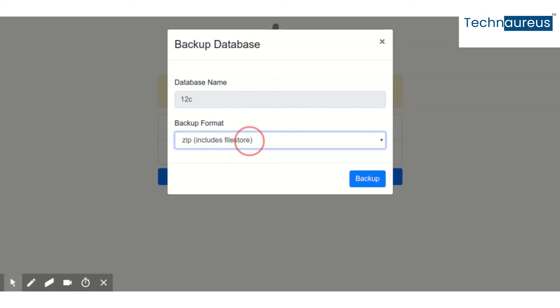Don't worry about the security side, it is secure because it is already encrypted. Even if you go to the specific path, other than the Odoo admin, you will not be able to identify which is the file and what is the content in it.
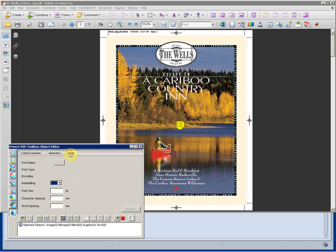If text was selected, we would be able to change font size, character spacing, word spacing, even the desired font itself.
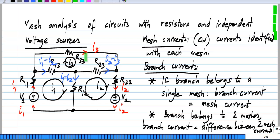You can see the analogy between nodal analysis and mesh analysis. In nodal analysis, the voltage across a branch connected between a node and the reference node equals one node voltage; if connected between two non-reference nodes, it equals the difference of two node voltages. Similarly, in mesh analysis, if a branch belongs to only a single mesh, its current equals the mesh current; if it belongs to two meshes, its current equals the difference between two mesh currents.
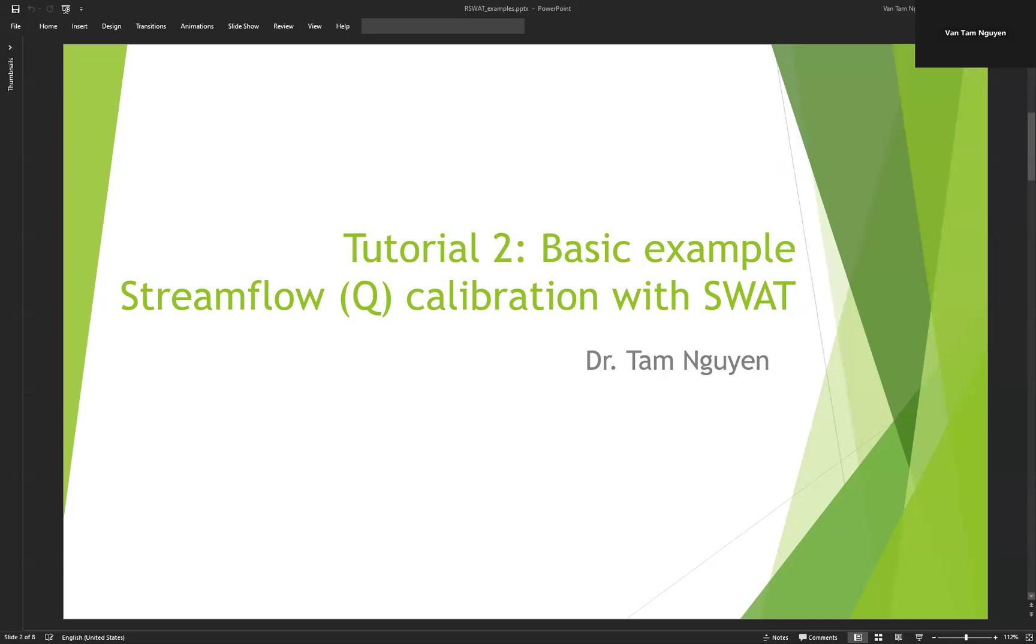In this video, I will show you how to do an automatic calibration of SWAT model with R-SWAT.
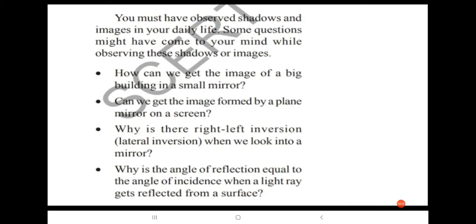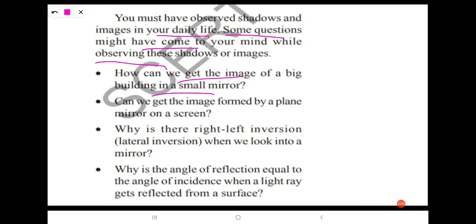You must have observed shadows and images in your daily life. Some questions might come to your mind while observing these shadows or images. For example: how can we get the image of a big building in a small mirror? By using a convex mirror, we can get the image of a big building in a small mirror.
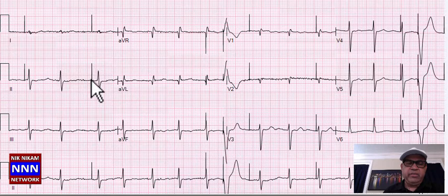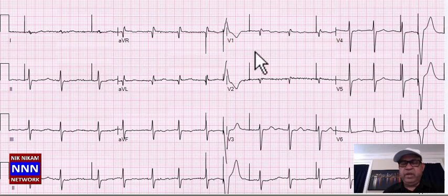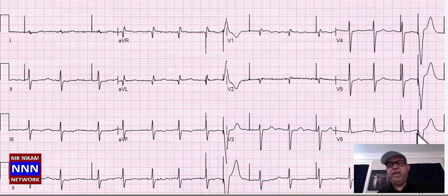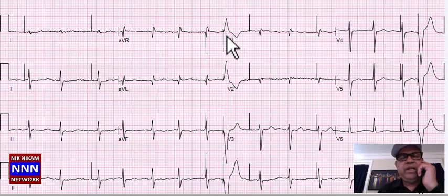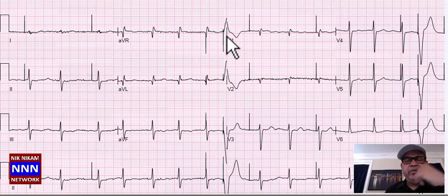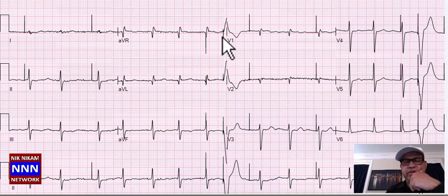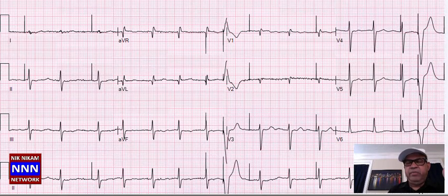Here we have something new — pacemaker spikes. This spike is before the QRS complex — atrial pacing with ventricular sensing. So the QRS complexes remain narrow, but occasionally when the ventricles don't kick in, you can have a paced ventricular beat. Here also we see atrial pacing and ventricular pacing. This is an electronic pacemaker with atrial pacing, ventricular capture, along with some occasional ventricular paced beats.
━━━━━━━━━━
Set down word for word every line from the one containing "You must have" through the last line of the records above, both ends included. Leave out the pictures.

You must have observed shadows and images in your daily life. Some questions might come to your mind while observing these shadows or images. For example: how can we get the image of a big building in a small mirror? By using a convex mirror, we can get the image of a big building in a small mirror.
Here we have something new — pacemaker spikes. This spike is before the QRS complex — atrial pacing with ventricular sensing. So the QRS complexes remain narrow, but occasionally when the ventricles don't kick in, you can have a paced ventricular beat. Here also we see atrial pacing and ventricular pacing. This is an electronic pacemaker with atrial pacing, ventricular capture, along with some occasional ventricular paced beats.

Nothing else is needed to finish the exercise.